Yes, by program I meant "Application." By application I include all of the
untrusted code we receive from the webpage, including JS, WASM, shaders. So
"values produced" includes data that the application puts into GPU memory
via buffers, uniforms, textures, etc.

I think you also want to define what functions are allowed to do:
>
>    - *Can I read the executable code?*
>    - *Can I direct-call a function with mismatched argument count /
>    return count?*
>    -
> *Can I indirect-call a function with mismatched argument count / return
>    count? *
>    - *Can I imbalance the data stack (pop more than I've pushed)?*
>    - *Can I call arbitrary addresses, or overwrite a return address?*
>    - *Is recursion allowed, and is it bounded?*
>
> Good questions, bolding these to add them into the shortlist(s) of
questions at the end of this discussion.


> IIUC most GPU programs have perfect call information when compiled, so I
> could theoretically inline everything? If our languages enforces this then
> we're significantly simplifying the problem.
>

AFAIK inlinability is not one of the constraints that we've been
considering.

You also want to specify how calls into and out of WebGPU work. WebAssembly
> calls this interaction with the "embedder". For example, in a JavaScript
> embedding you can't use i64 in your interface. There currently aren't any
> races possible, but I think WebGPU has to put extra thought into this to
> avoid ToCToU headaches while minimizing copying.
>

This is a good topic to

* This must be implementable in a performant way on all current, existing
>> target platforms. (Platform-specific optimizations like robustness
>> guarantees or page table controls optional.)
>>
>>
> What are "all" platforms? WebAssembly limits itself to a set of portable
> targets <https://github.com/WebAssembly/design/blob/master/Portability.md>.
> Others can implement WebAssembly but will suffer a mild performance loss.
>

"all (...) target platforms" is an intentionally ambiguous phrasing. Our
set of target platforms is not yet known. But I think it can be assumed to
include "most" D3D12, Metal, and Vulkan platforms.

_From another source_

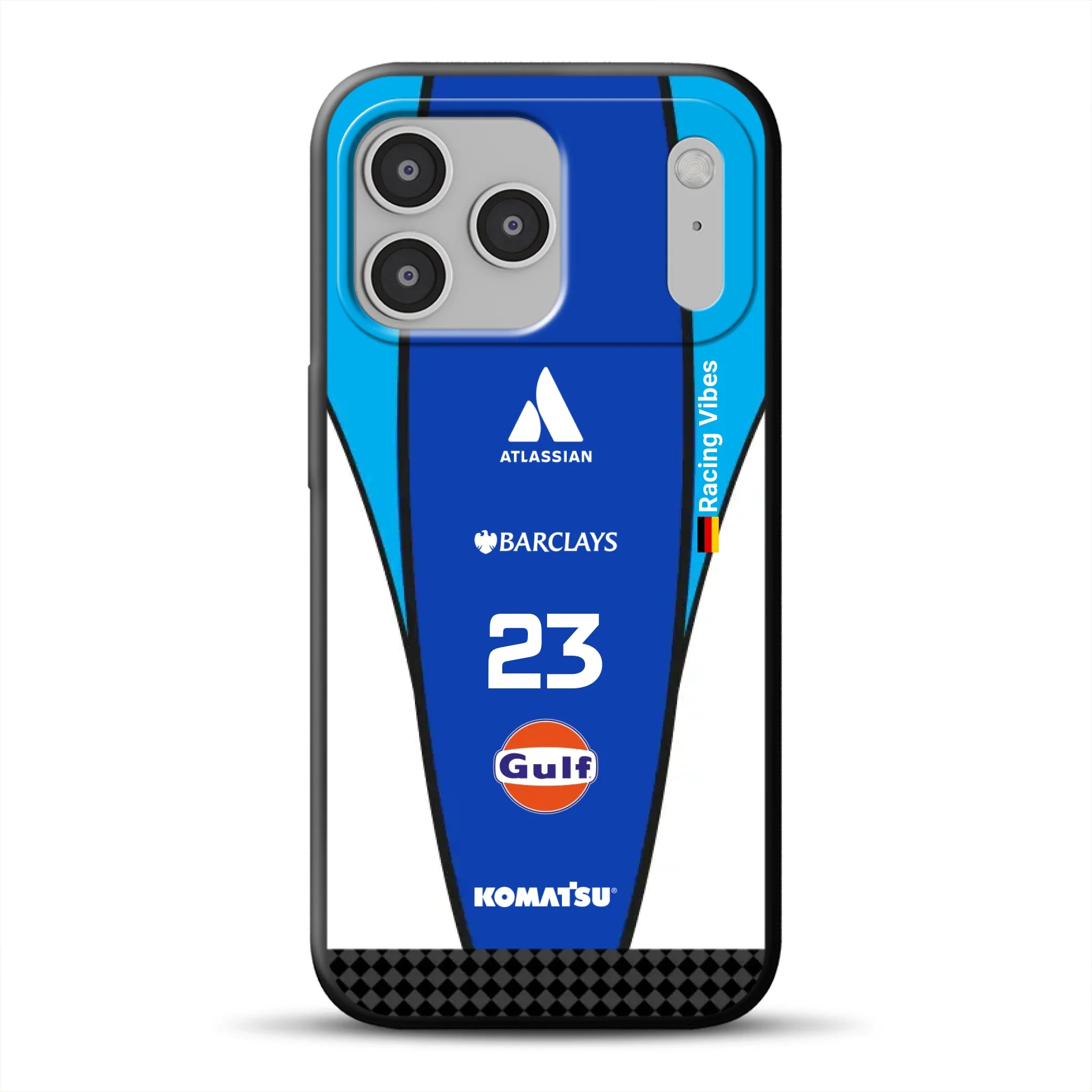 17-pro-max-b-mockup.png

I think the lower bound needs to include the constraints for writing as
>> well, not just reading. I'd hope there is consensus on this, though I was
>> not on the call.
>>
>
> Yes, writing as well :)
>

Yes, I certainly think there is consensus here.

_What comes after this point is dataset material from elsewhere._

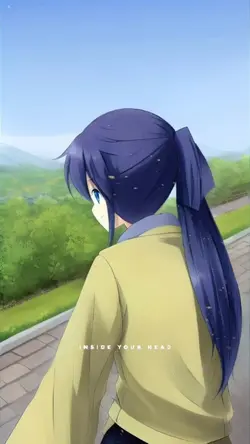 filter anime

> Also, these constraints must hold for the combination of the shader
>> language and the API itself. Races between the CPU and the GPU must not
>> allow memory safety constraints to be violated.
>>
>
Yes. These security constraints apply to the entire API usage, both inside
and outside shaders.

Beyond that, I'd like to figure out how to break down the discussion before
>> moving forward. Example questions (but I don't want to discuss these
>> questions YET):
>>
>>
>> I am so tempted to answer these questions, but refraining for now.
>>
>
Thanks. I would love to discuss these after we have made sure we're talking
about the right issues.

>
>>
>> ** Do we want fully general pointer behavior, the SPIR-V restricted
>> pointer behavior mentioned today, logical addressing only, or something
>> else? What high-level language features, algorithms, and techniques might
>> require more flexibility?* Is it possible to provide any kind of "fault"
>> behavior? - e.g., termination of execution in such a way that IF outside
>> data is accessed by the Device, the Device is terminated before that data
>> can become visible to the Application. If it's possible, is it useful?* Can
>> our security model be "optional" for an insecure-mode, "native" (C/C++)
>> version of the API? (Useful for native platform portability as well as apps
>> with both native and web versions.)*
>>
> WebAssembly just says that such implementations are non-conforming. You
> can still do it, we don't have a trademark enforcing conformance. Keeps the
> spec simple.
>

A *non-specced insecure mode* sounds practical to me. A good note to add to
this list item.

What other questions can we add to this list?
>>
>>
> More questions:
>
> *Fault ordering. We discussed whether fault behavior should be guaranteed
> to happen in program order or not. Fil gave the example of WebAssembly
> where that's the case, but with multiple warps going I'm not sure it's
> reasonably feasible. I don't want us to explore feasibility now, just
> adding that question to the list, let's figure it out later.*
>
> *Nondeterminism. Another question is whether you want full determinism on
> corner cases or not. WebAssembly clamps it down substantially
> <https://github.com/WebAssembly/design/blob/master/Nondeterminism.md>. You
> might even choose to leave it implementation-defined what happens on an out
> of bounds memory access: an implementation could be allowed to terminate or
> wrap around. I'm not advocating either way, just adding more to the design
> space. You'll definitely want to figure out how to resolve races in the
> face of threads and SIMD (not mandate a single outcome, but have some
> memory model).*
>

Great points.